_WHAT THIS TASK INVOLVES:_ In your transcription, keep every record exact and leave out the pictures.

- - - - -

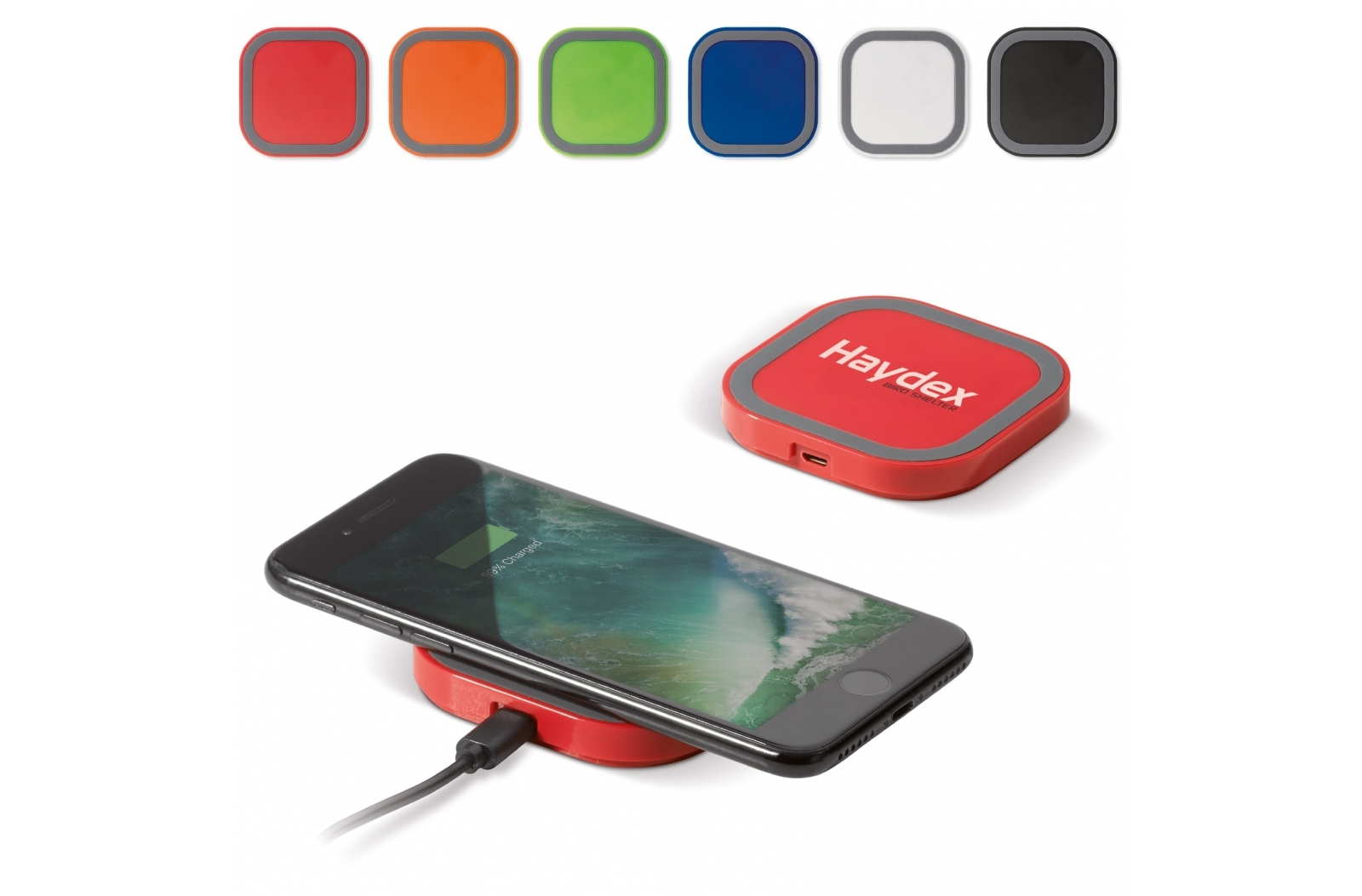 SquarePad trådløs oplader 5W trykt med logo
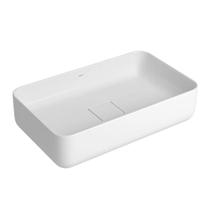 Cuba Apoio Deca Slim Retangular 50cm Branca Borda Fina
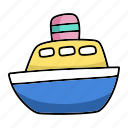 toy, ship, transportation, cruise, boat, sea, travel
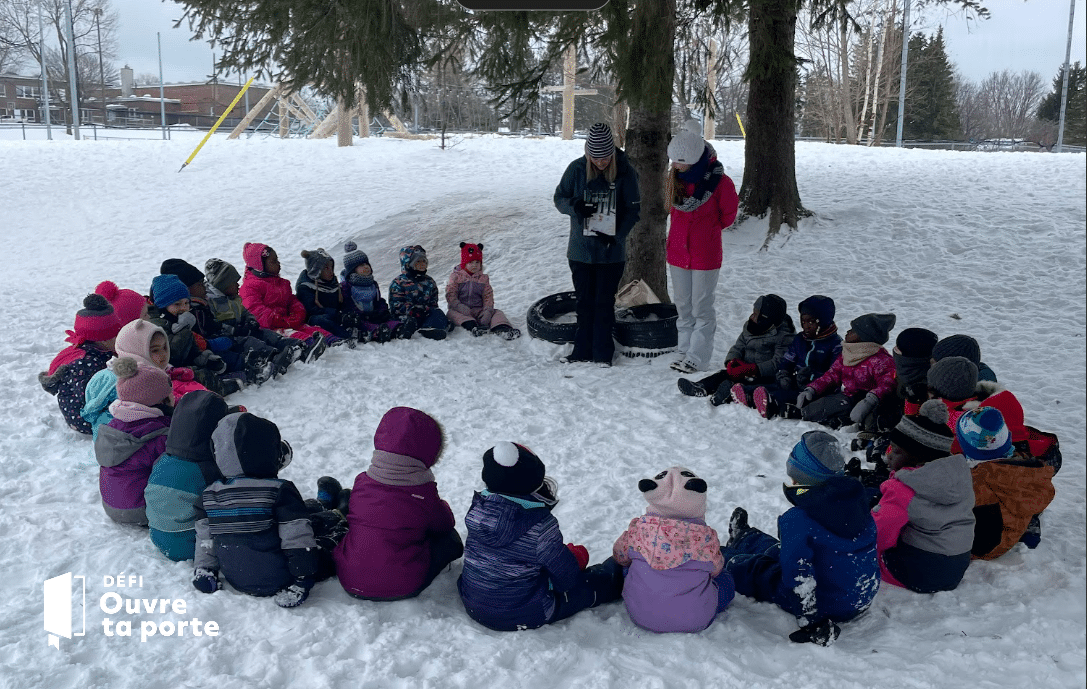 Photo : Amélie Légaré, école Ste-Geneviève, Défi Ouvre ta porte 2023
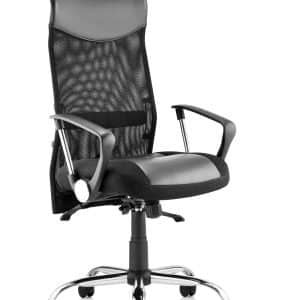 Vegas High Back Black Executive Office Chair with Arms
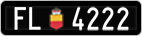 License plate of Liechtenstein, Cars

- - - - -

_SOLUTION:_
 SquarePad trådløs oplader 5W trykt med logo
 Cuba Apoio Deca Slim Retangular 50cm Branca Borda Fina
 toy, ship, transportation, cruise, boat, sea, travel
 Photo : Amélie Légaré, école Ste-Geneviève, Défi Ouvre ta porte 2023
 Vegas High Back Black Executive Office Chair with Arms
 License plate of Liechtenstein, Cars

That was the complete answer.